I pressed my palms against mum's back. In the background the intrusive beeping of a machine, the muffled chatter of others, and the sound of a nurse repeatedly calling out a patient's name.
"Your hands are so warm," she said. "Really?" I asked. I never knew my touch could be warm, or that the warmth would be able to penetrate her woolly sweater and undergarment and reach her skin. I could feel her breathing, and the vibrations of her voice seep through my fingers.
For a few moments, I closed my eyes and imagined... Imagined that I had the ability to heal, that through my palms I could absorb those deadly cancer cells and slowly suck them out of mum's colon, lymph and lungs... Imagined that the warmth of my hands could charge mum with the comfort and the support that she needs and wants, but that she can only sporadically receive when I am back home... Imagined that that warmth mum felt and was talking about was the warmth of love and affection from a small child to his beloved mother...
I opened my eyes, and stared down the top of mum's scalp, which with each passing day is increasingly more visible. I looked at the thin strands of her hair, some still healthy and pitch black, some already gray and clinging onto her head but could easily fall off with a slight stroke or blow of the wind. I pressed against her back even harder, till my arms were trembling.
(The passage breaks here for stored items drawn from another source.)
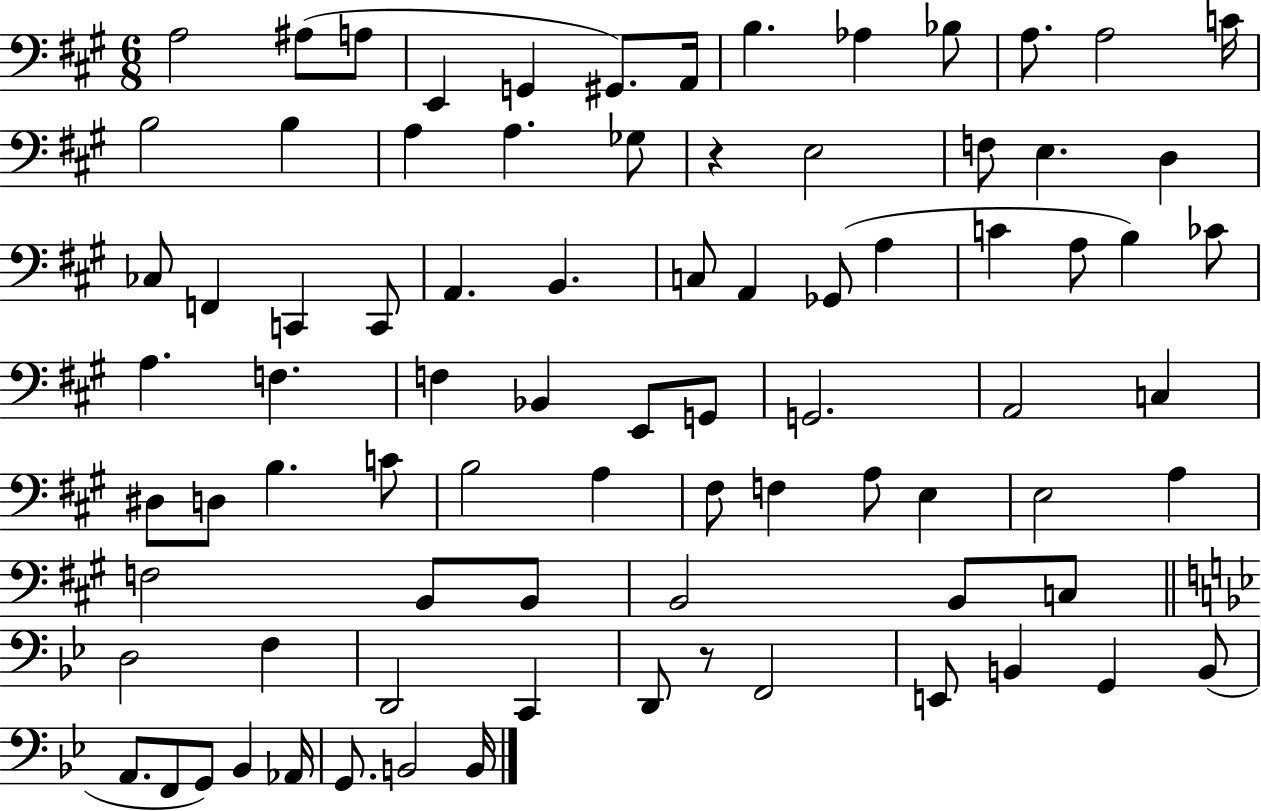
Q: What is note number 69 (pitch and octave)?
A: F2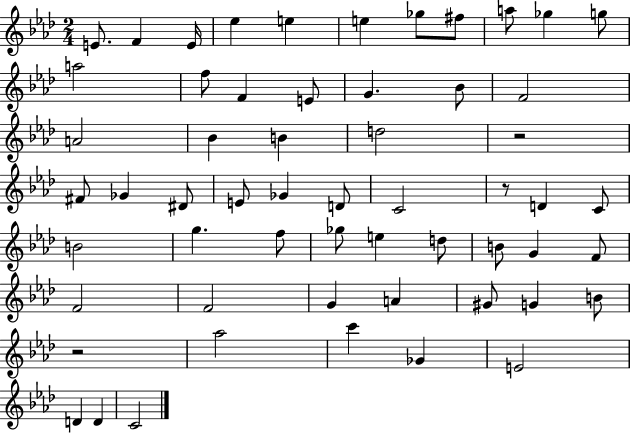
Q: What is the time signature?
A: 2/4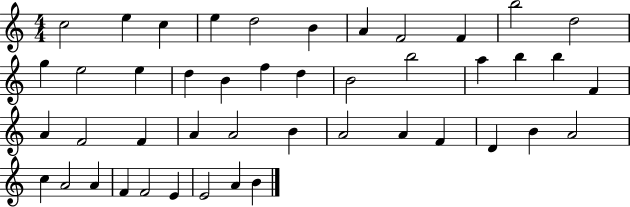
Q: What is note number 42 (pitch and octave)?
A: E4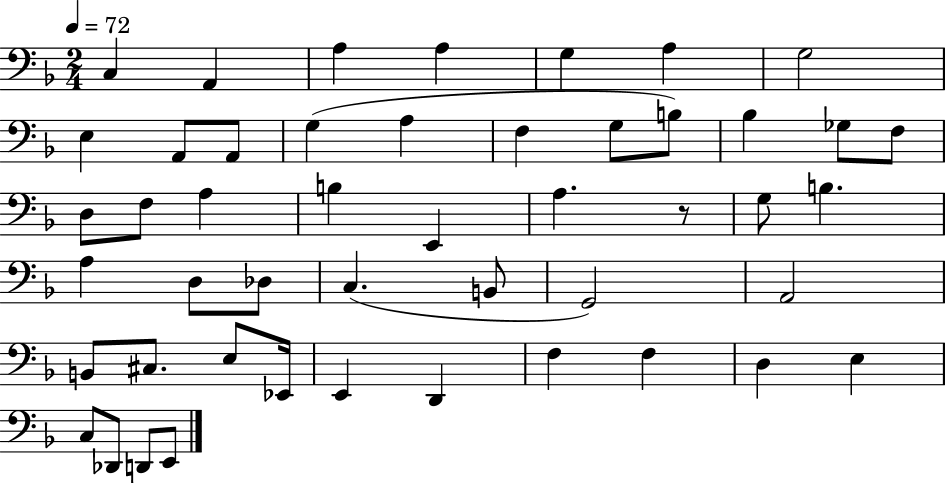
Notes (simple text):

C3/q A2/q A3/q A3/q G3/q A3/q G3/h E3/q A2/e A2/e G3/q A3/q F3/q G3/e B3/e Bb3/q Gb3/e F3/e D3/e F3/e A3/q B3/q E2/q A3/q. R/e G3/e B3/q. A3/q D3/e Db3/e C3/q. B2/e G2/h A2/h B2/e C#3/e. E3/e Eb2/s E2/q D2/q F3/q F3/q D3/q E3/q C3/e Db2/e D2/e E2/e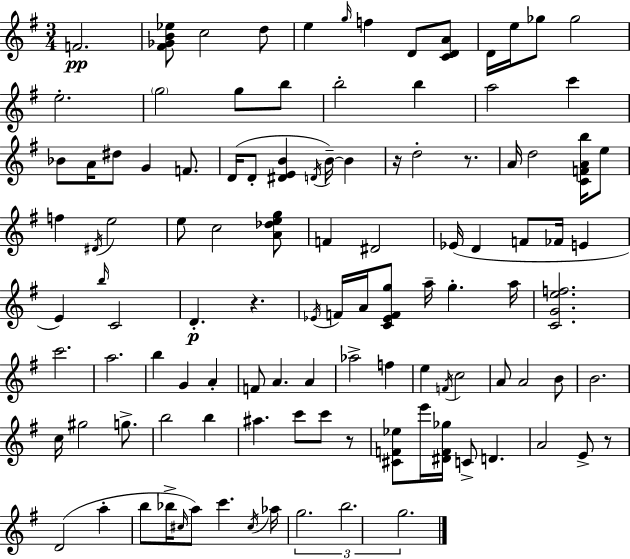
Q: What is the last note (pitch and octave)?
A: G5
And I looked around me, at the sad eyes, lonesome faces, heavy gazes and it was as if I could hear the silent, almost inaudible moan of frustration and fear. Later, in the hallway of the great, big hospital, I would come across many, many more men, women and children. Some able bodied, others being carted around in a wheelchairs. Some alone, other surrounded by friends and family or in the company of a foreign caretaker. Some Hakka and Taiwanese, others Chinese veterans who had fled to Taiwan with the Nationalist government so many decades ago. There were the young and the old, some aged with bitterness and pain, with wrinkles of time and freckles of passing years, other still radiant with youth and childhood innocence, in spite of the long knots and transfusion tubes plugged into their smooth skins... Everyone so different, everyone hailing a different place, and from different times, yet all united in suffering, pain, and by the fragility of life.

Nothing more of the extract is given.